5. Answers to problems that are hard-coded, done in another program such as Excel, or go against the learning outcomes in any other manner will be given no credit. If you are unsure whether your approach to a problem goes against the learning outcomes, ask.  
6. We reserve the right to scrutinize answers to problems that significantly go against the philosophy of a library. For example, if you answer a Pandas item mostly using vanilla Python loops and data structures, you go against the philosophy of Pandas (and NumPy), which is to _vectorize_ your operations as much as you can. We reserve the right to scrutinize your answer accordingly.
7. You are encouraged to use only the provided code cell for each number. However, if you _need_ more cells, you may add them. If you do add more cells, make sure to label them very clearly. Code cells that are not clearly labelled will not be checked.

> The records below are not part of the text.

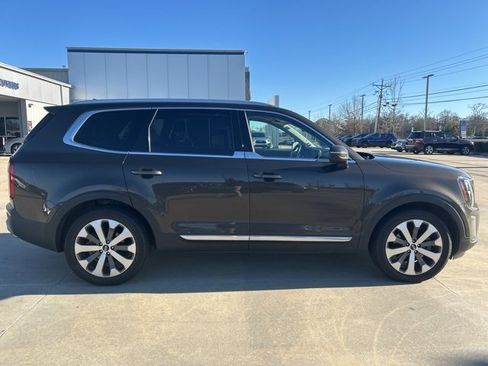Used 2021 Kia Telluride EX w/ EX Premium Package image 3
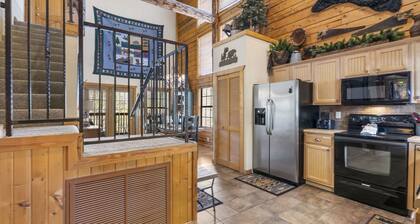 Two Side by Side Cabins in the Heart of Branson,Sleeps 14, Ticket DEALS and Golf Discounts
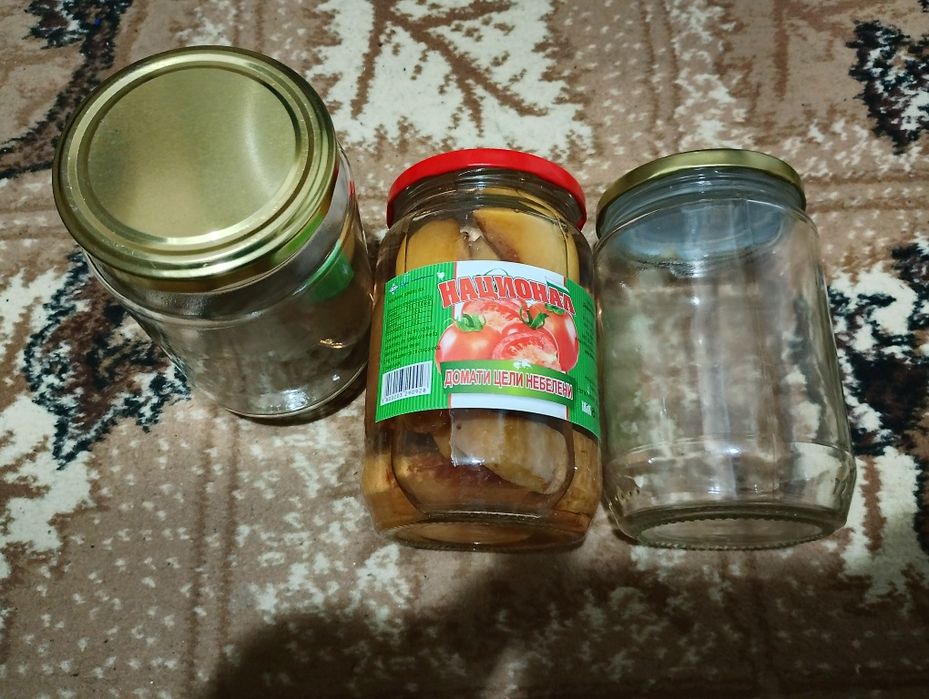 Продавам буркани с винт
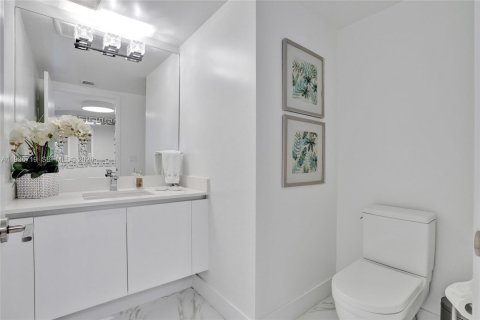 Condo in Sunny Isles Beach, Florida, 3 bedrooms № 2089742 - photo 21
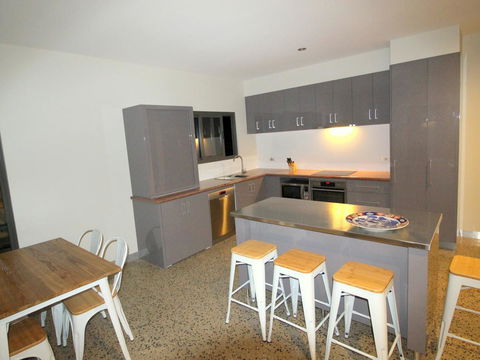 3 Bells Alpine Cottage - Perths Hotel 4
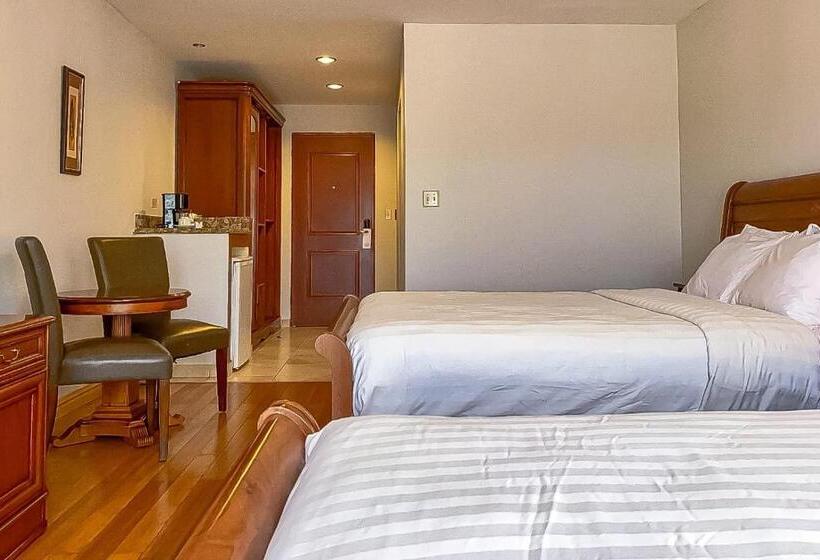 غرفة قياسية مطلّة علي النهر, Valle Del Rio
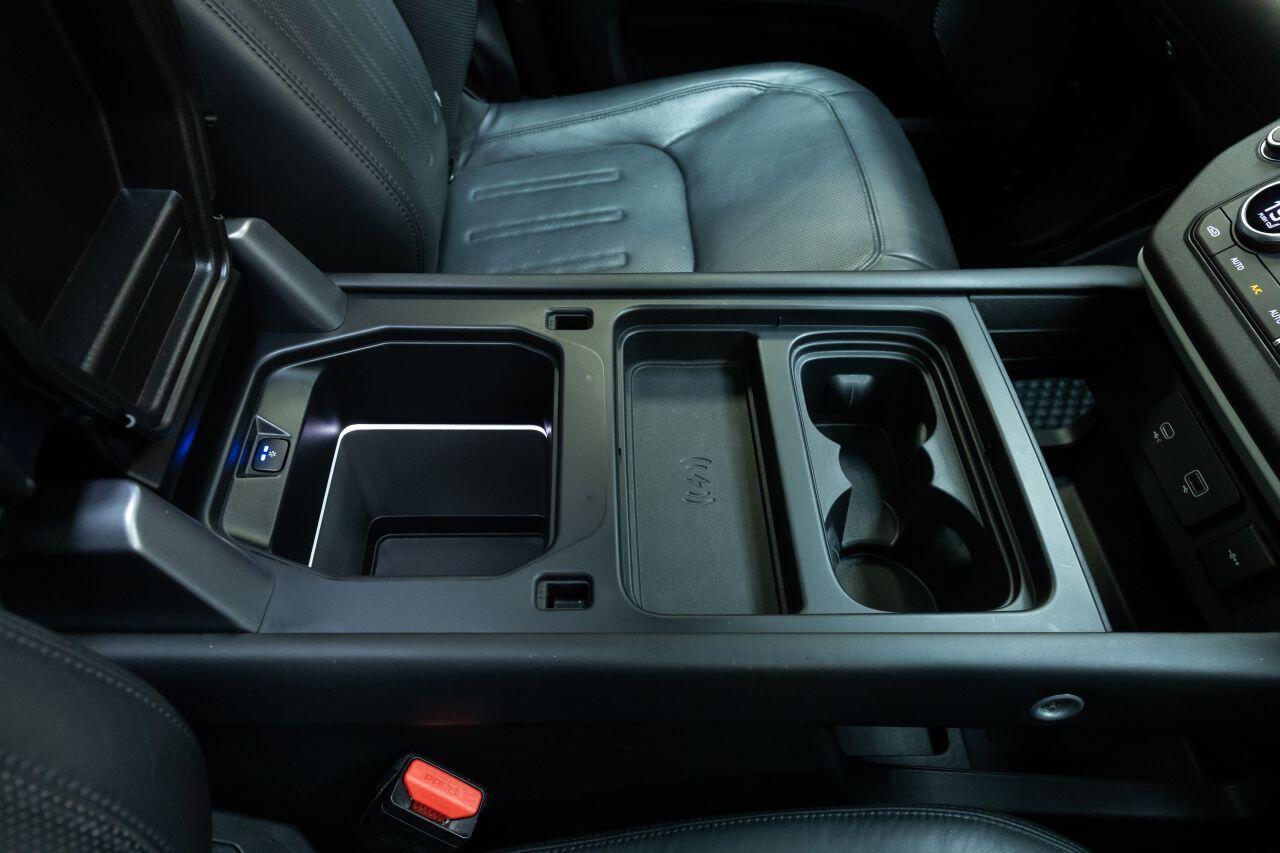 Land Rover Defender 110 view 36
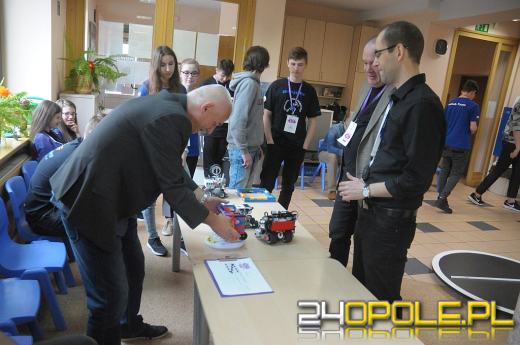 Młodzi zawodnicy i ich maszyny walczą w Opolskiej Lidze Robotów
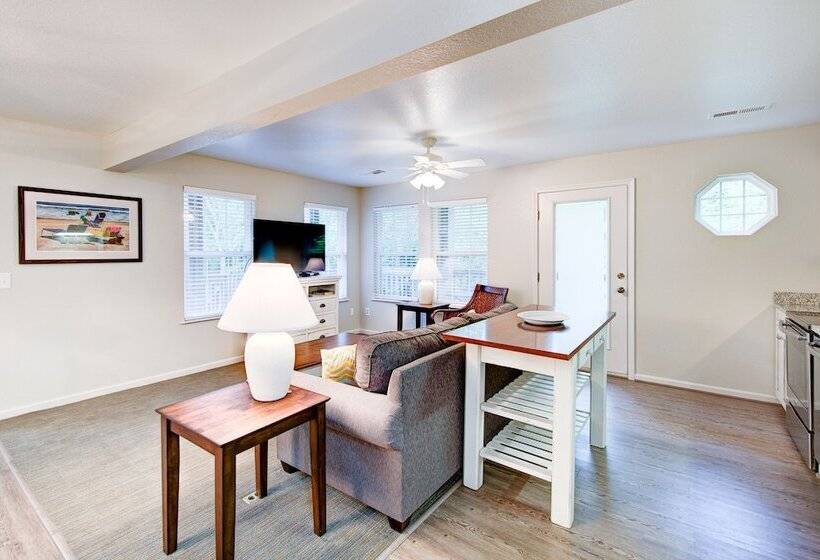 Люкс 2 Спальни, Hilton Vacation Club Beachwoods Kitty Hawk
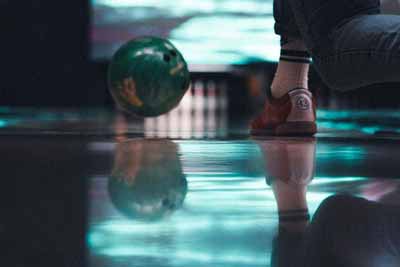 Glow Jungle Golf & 60 minuten bowlen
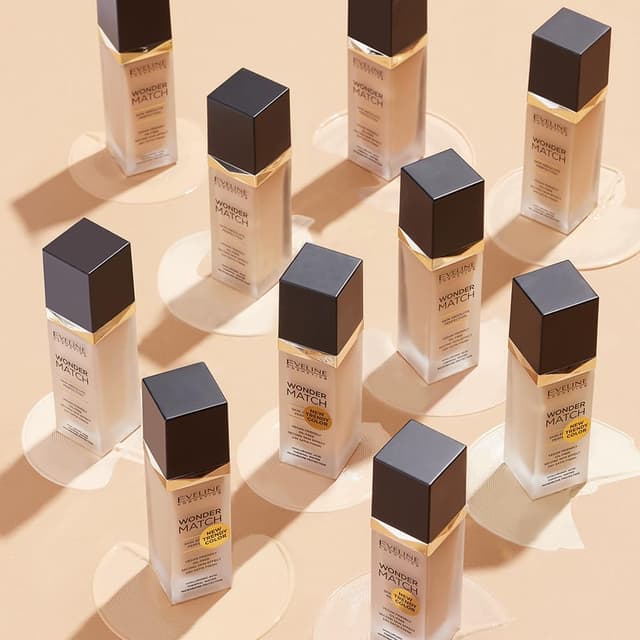 Thumbnail 5 de Eveline Wonder Match Fondotinta Vegan 24 Ore
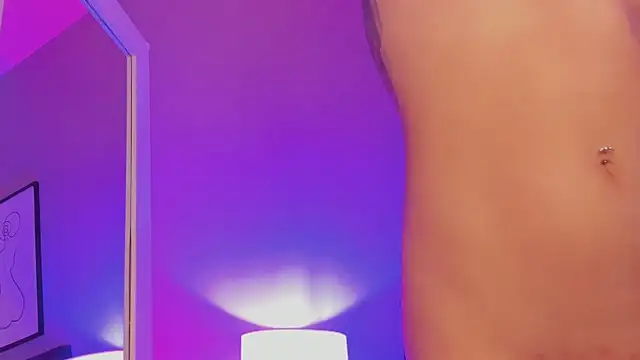 Chat XXX en directo de QueenRose___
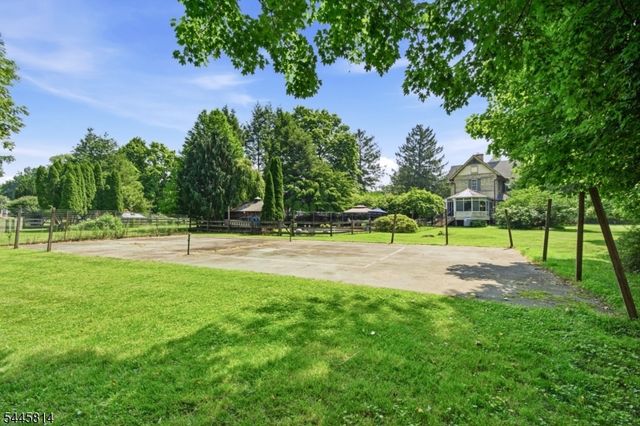 327 Willow Grove St, Hackettstown Town, NJ 07840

8. If you are asked to output files, please write them all to the `output` folder. If your kit does not have an `output` folder, you may make one.

Submission instructions for normal (i.e., not cross-section) groups:
1. Assign a group leader. The leader is who will submit the assessment.
2. The leader must create a NEW GitHub repository. This repository is what they will submit to the Canvas assignment to indicate that the group has submitted. They should name this repository SECTION-GROUPNUM-EOMA2 (e.g., A-5-EOMA2).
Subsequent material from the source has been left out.